Model kebijakan tarif juga bisa diterapkan pada komoditi non pangan dan produk lainnya, sebagai ganti kebijakan kuota yang cenderung menghadirkan praktik pasar gelap.
Demikian disampaikan ekonom dari Universitas Sultan Ageng Tirtayasa Banten, Dahnil Anzar Simanjuntak (Kamis, 4/4).
Namun, Dahnil mengingatkan, solusi bagus yang ditawarkan oleh Menko Perekonomian tersebut menjadi tidak efektif apabila tidak diikuti kebijakan komprehensif jangka panjang. Yakni memperbaiki dan mendorong revitalisasi sektor pertanian pangan. Karena ke depan, tantangan ekonomi global akan mengalami pergeseran perang dagang komoditi pangan.
Di masa yang akan datang, pangan akan menjadi komoditi ekonomi dan politik yang sangat penting. Mengingat negara-negara BRICS (Brazil, Rusia, India, Cina dan South Afrika) mengalami industrialisasi yang sangat cepat serta agak mengabaikan sektor pertanian, sehingga ketergantungan pangan yang sangat tinggi dari luar negeri.
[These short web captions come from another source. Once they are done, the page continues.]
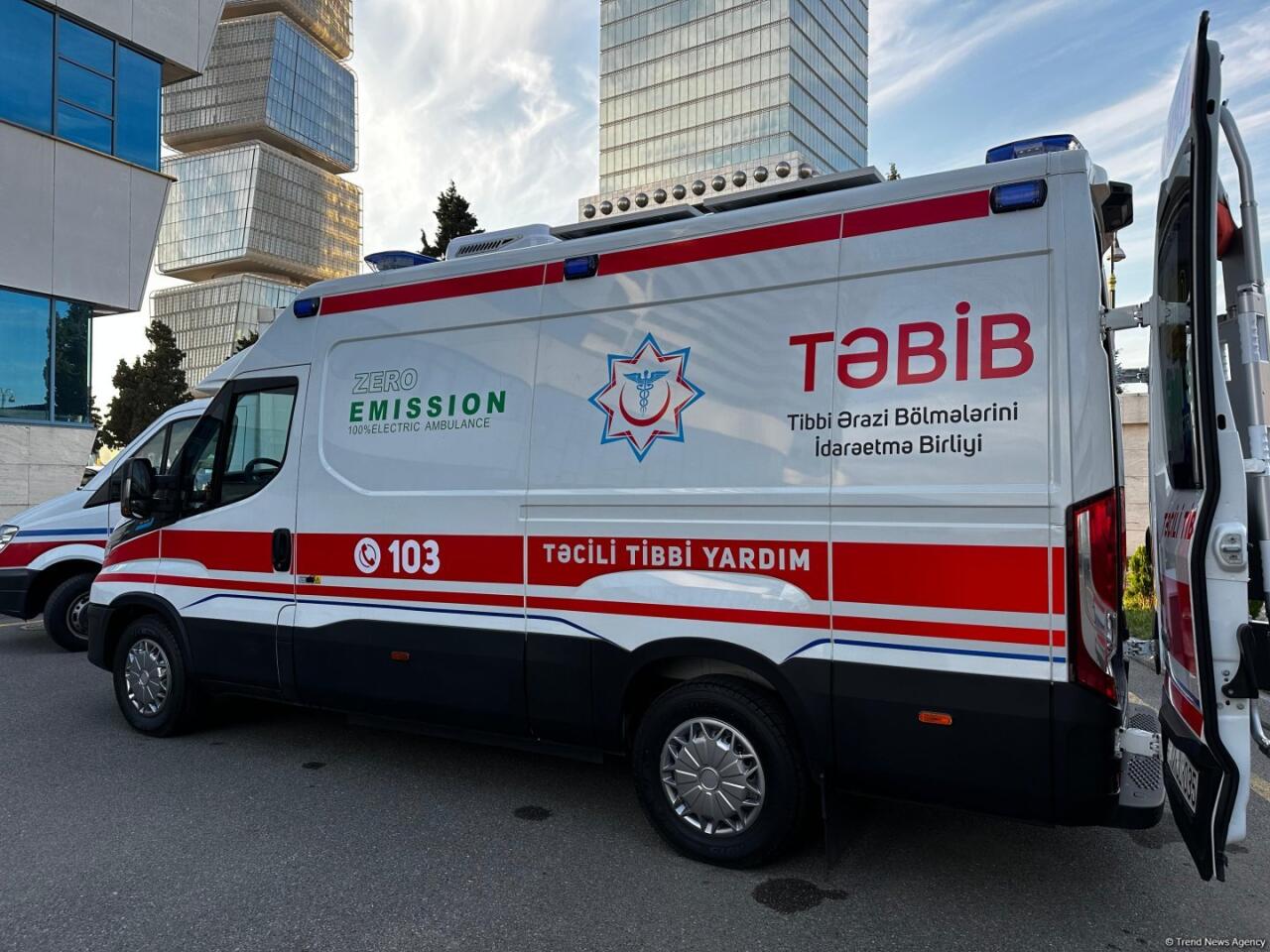Müəllimlər olan avtobus qəzayda düşdü  Yaralılar var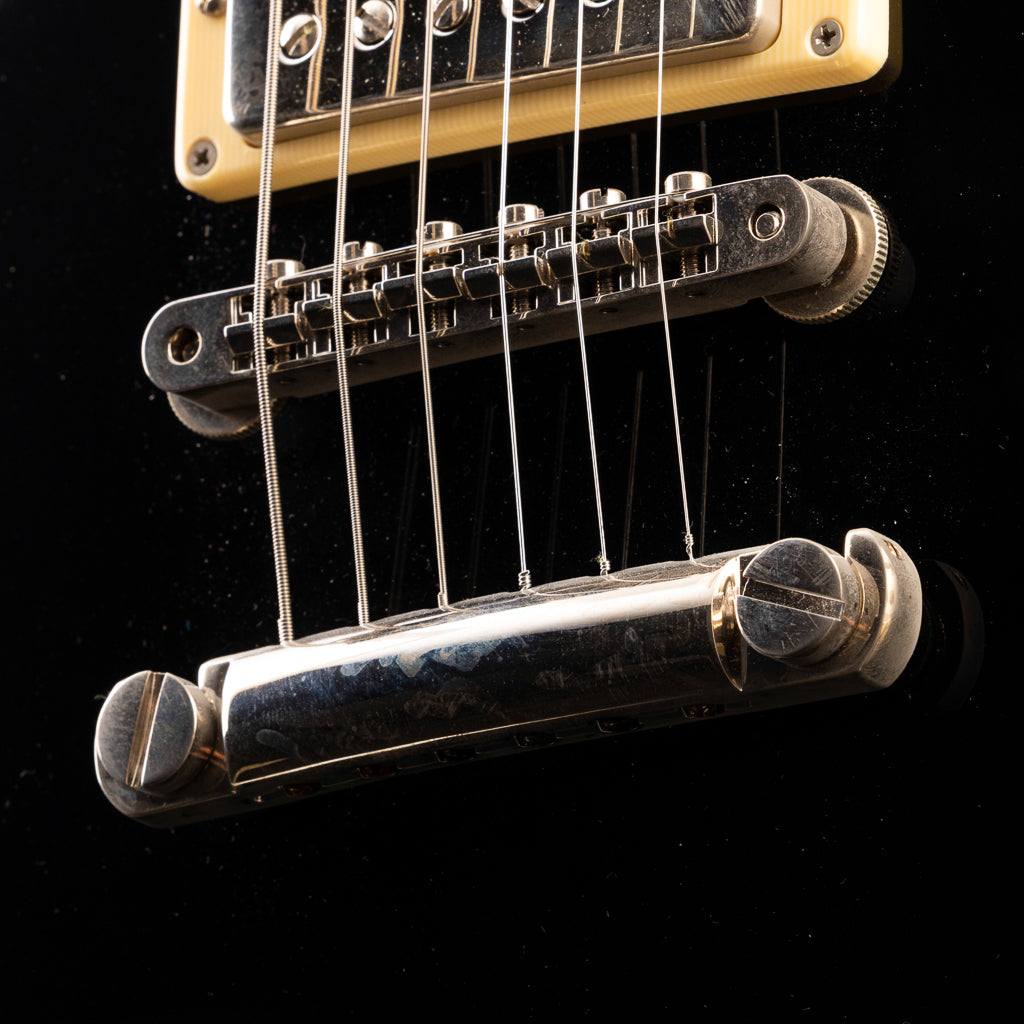 Collings I-35 Deluxe - Jet Black Top / Doghair Back & Sides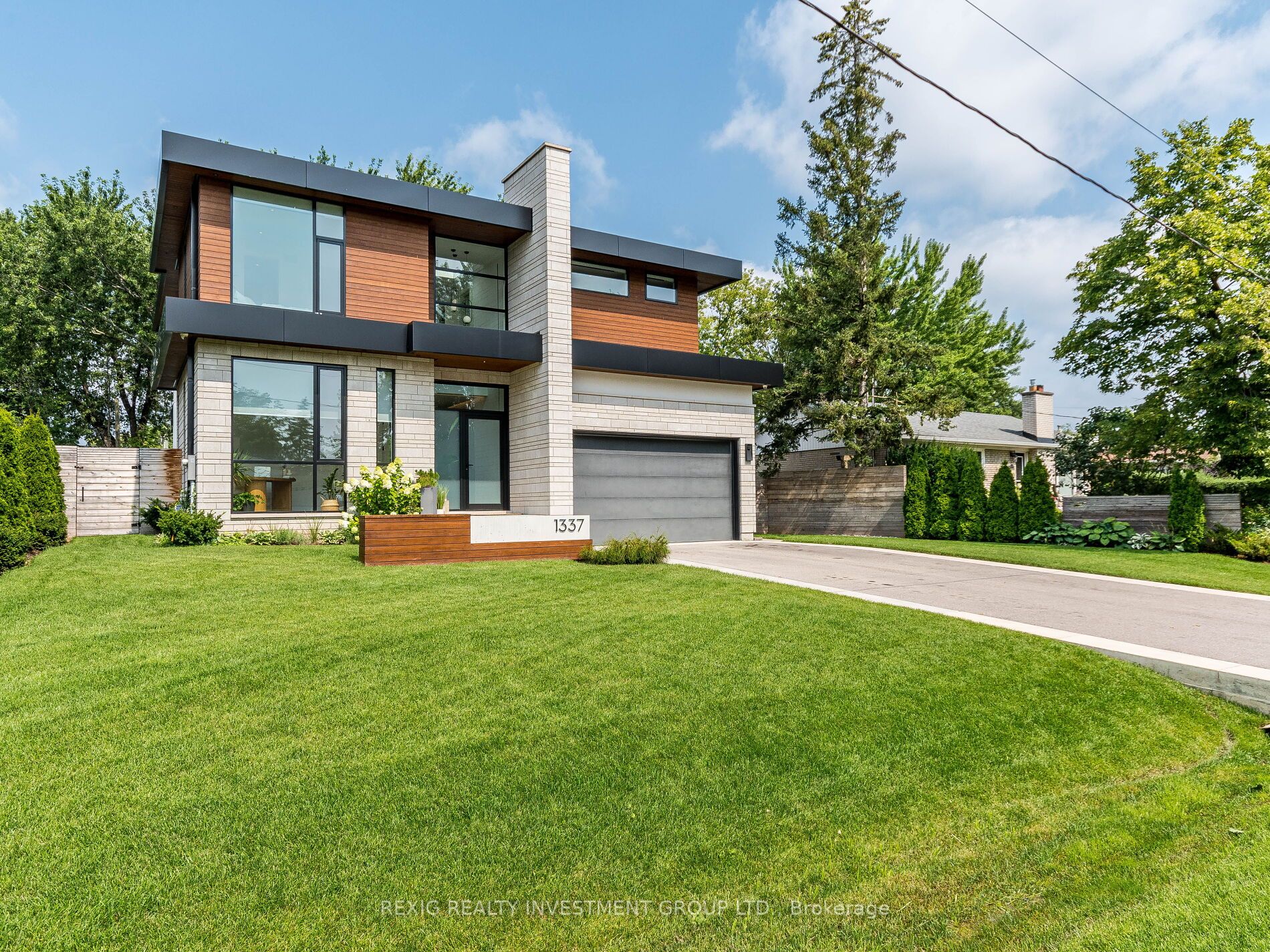 1337 Waverly Ave
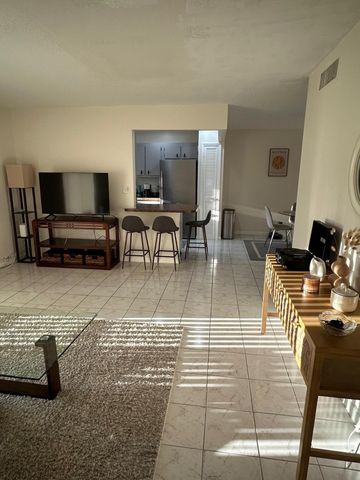 1301 NW 12th Avenue 411a, Boca Raton, FL 33486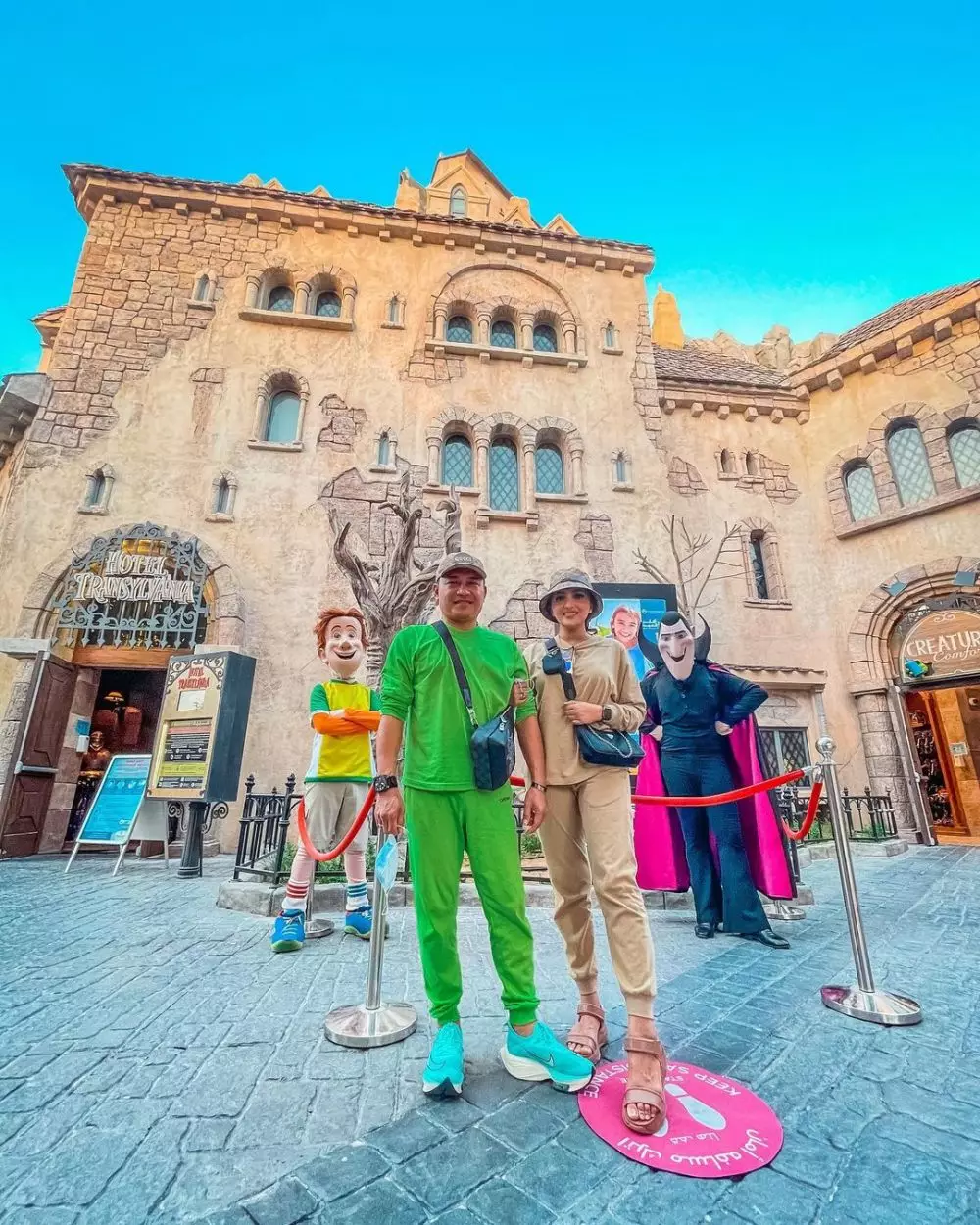 Gaya outfit Ashanty saat liburan ke Dubai Instagram © 2021 brilio.net Gaya outfit Ashanty saat liburan ke Dubai Instagram © 2021 brilio.net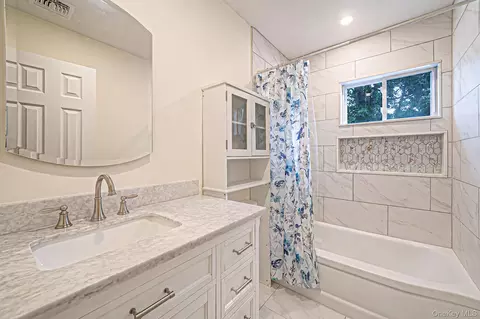 Bath - 48 Hillside Ave, Patchogue, NY 11772 photo 2 of 4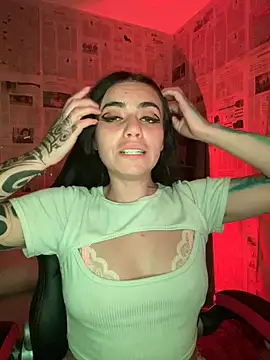 Chatroom XXX en direct de i_am_nina_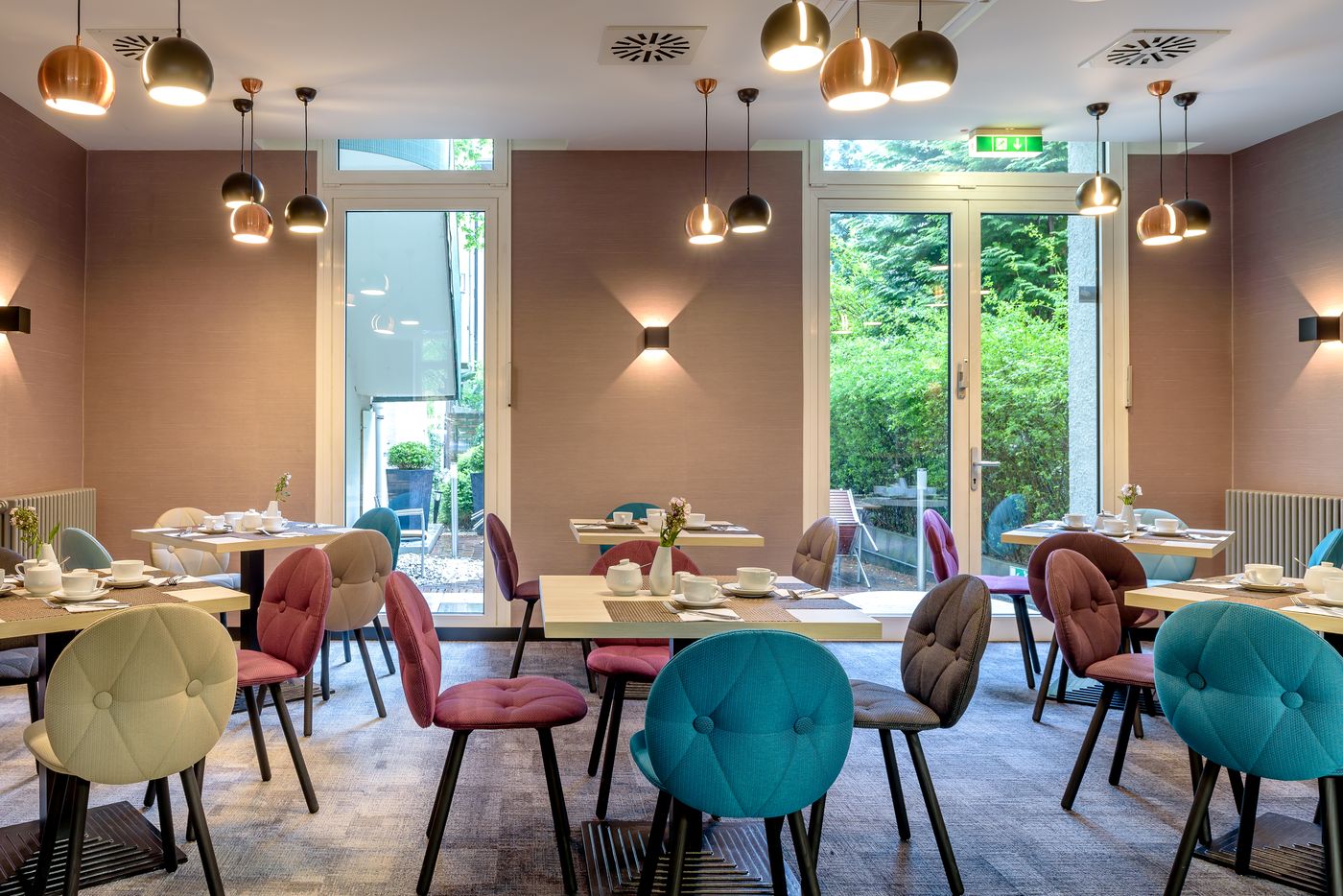 Mercure-Hotel-Muenchen-am-Olympiapark-Restaurant-11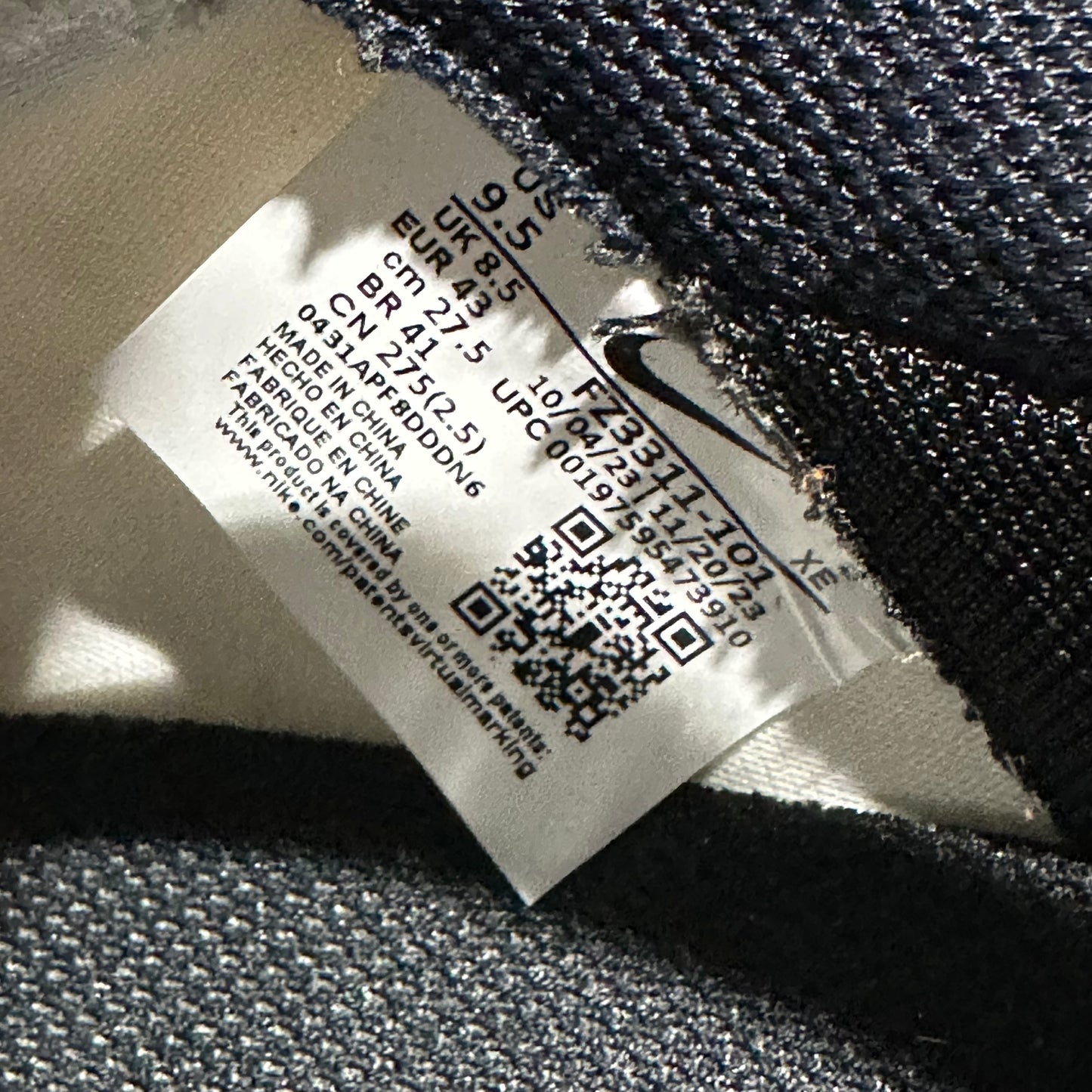 EU43 - US9.5 - UK8.5 • ACG Mountain Fly 2 Low Comme des Garcons Homme Plus White Black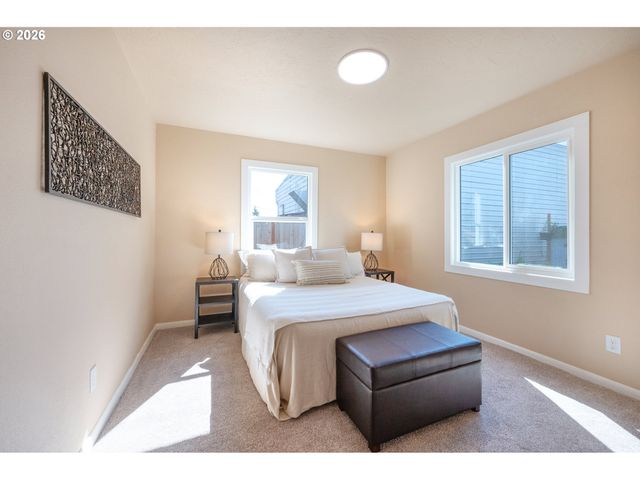 1070 BETHEL Dr, Eugene, OR 97402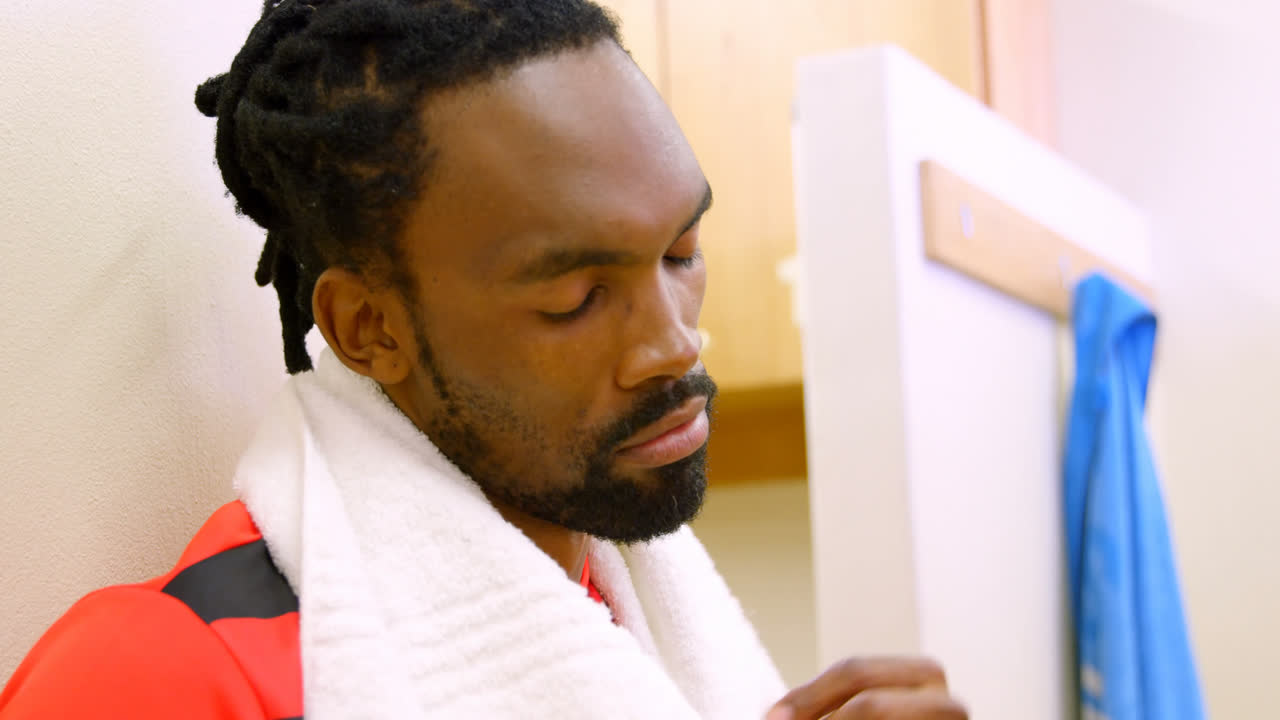 atleta cansado en el vestuario 4k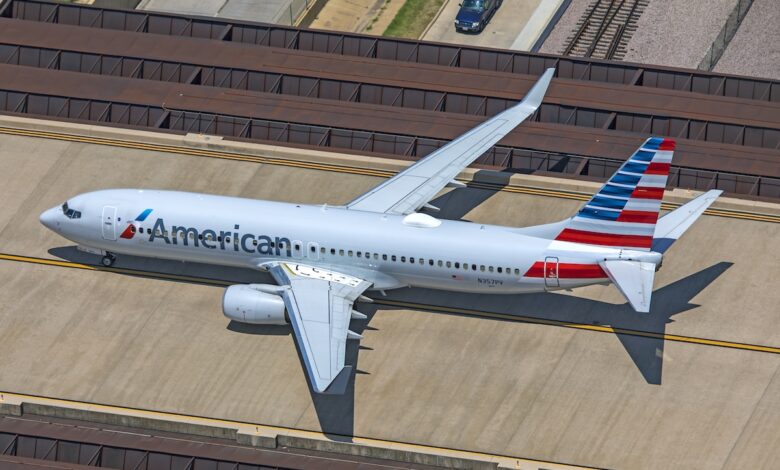 An American 737 at Dallas/Fort Worth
"Nah, peluang ini seharusnya bisa dimanfaatkan oleh Indonesia di masa yang akan datang. Mengingat Indonesia memiliki potensi ekonomi pertanian yang sangat tinggi," ungkapnya.
"Kebijakan pro agribisnis dibarengi dengan kebijakan tarif ini adalah model kebijakan pro masa depan yang perlu diakselerasi dan didorong oleh pemerintah, sehingga pertumbuhan ekonomi kita bisa berkesinambungan," demikian Dahnil.